* [Problem requirements] Starting with the line that has "Cartell Taller de jocs tradicionals" in the records below and stopping after the line that has "2011款 3.0TSI 豪華型圖片", output every line exactly and nothing else; skip pictures.
Segment Start: Provided data
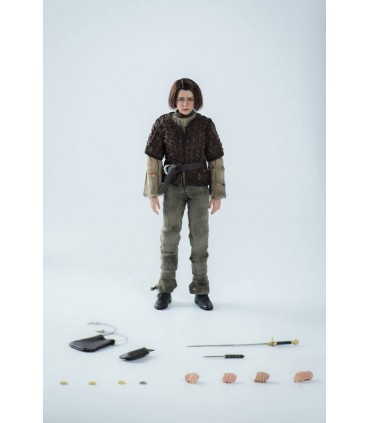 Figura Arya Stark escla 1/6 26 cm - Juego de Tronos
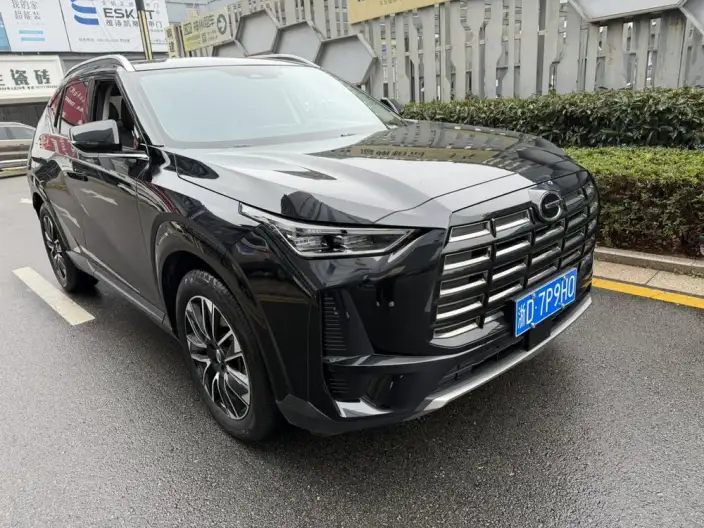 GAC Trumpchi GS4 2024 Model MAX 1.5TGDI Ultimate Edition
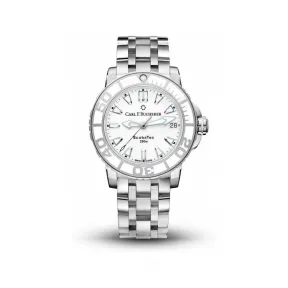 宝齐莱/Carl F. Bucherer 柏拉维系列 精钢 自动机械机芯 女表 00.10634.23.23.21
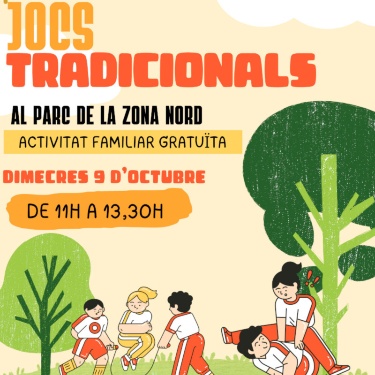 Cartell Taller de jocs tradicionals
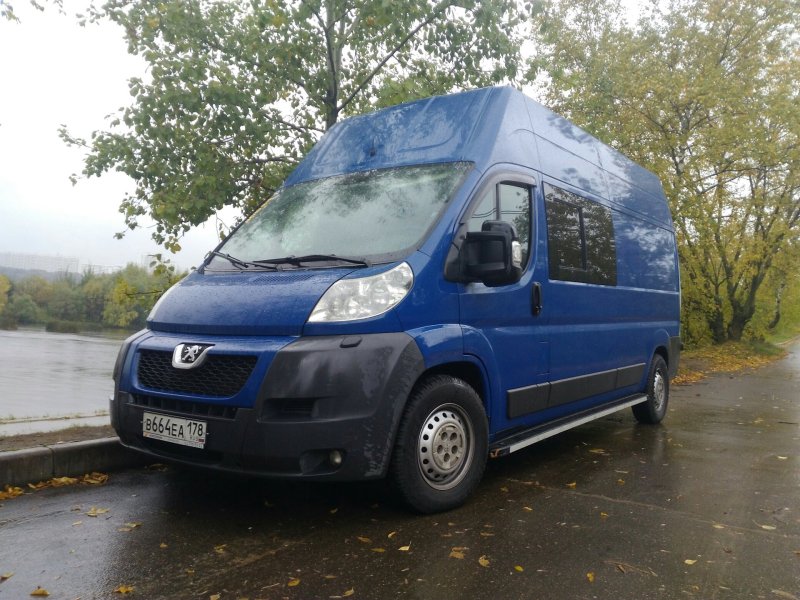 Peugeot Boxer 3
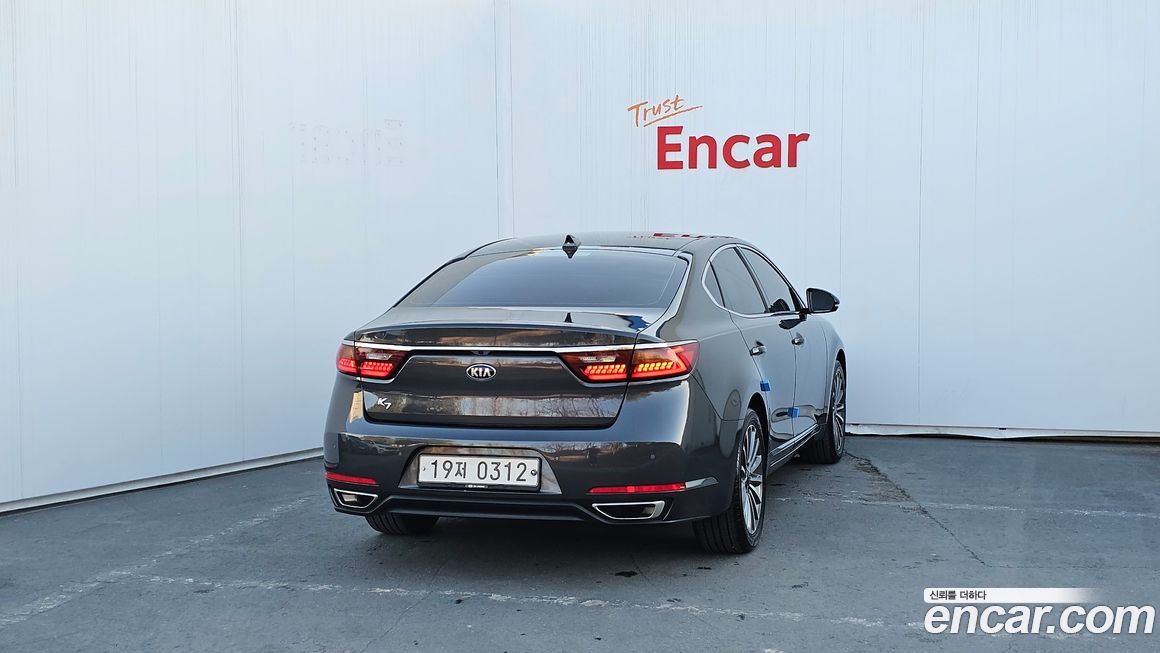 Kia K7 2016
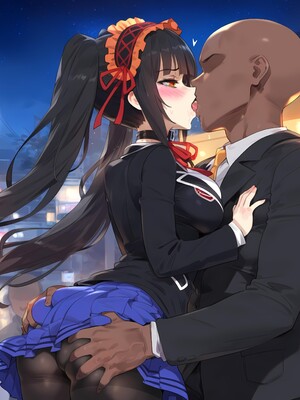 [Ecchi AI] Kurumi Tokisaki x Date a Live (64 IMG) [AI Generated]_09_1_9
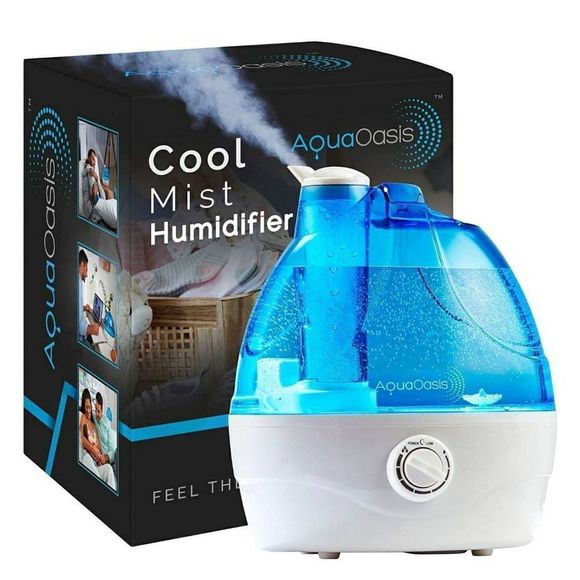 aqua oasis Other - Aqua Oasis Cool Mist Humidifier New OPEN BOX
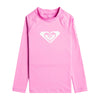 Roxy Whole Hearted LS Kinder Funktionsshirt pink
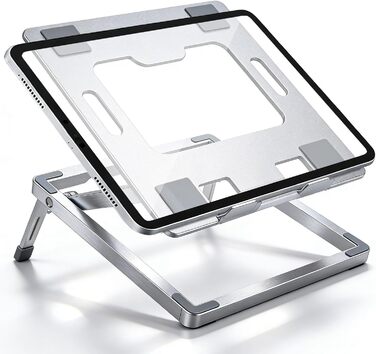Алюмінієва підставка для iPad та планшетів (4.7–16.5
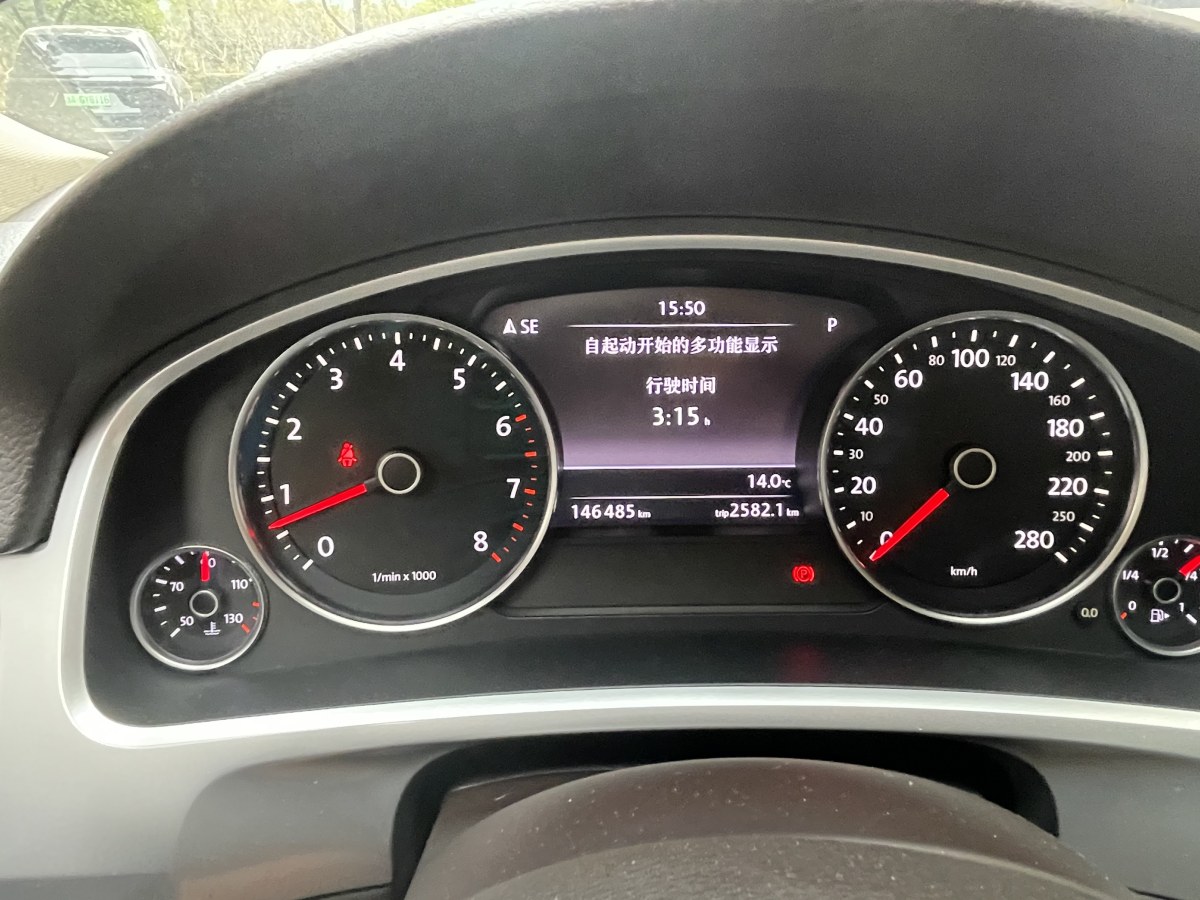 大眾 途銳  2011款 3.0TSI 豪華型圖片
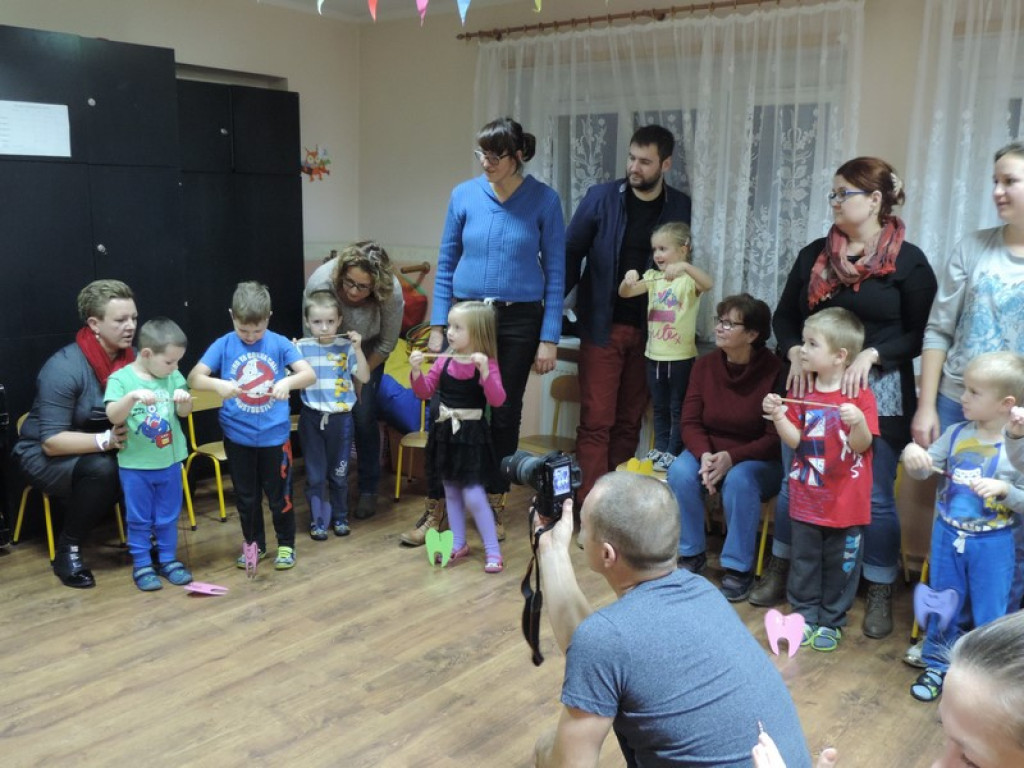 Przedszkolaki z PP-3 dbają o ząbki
Segment End: Provided data
* [Expected output]
 Cartell Taller de jocs tradicionals
 Peugeot Boxer 3
 Kia K7 2016
 [Ecchi AI] Kurumi Tokisaki x Date a Live (64 IMG) [AI Generated]_09_1_9
 aqua oasis Other - Aqua Oasis Cool Mist Humidifier New OPEN BOX
 Roxy Whole Hearted LS Kinder Funktionsshirt pink
Алюмінієва підставка для iPad та планшетів (4.7–16.5
 大眾 途銳  2011款 3.0TSI 豪華型圖片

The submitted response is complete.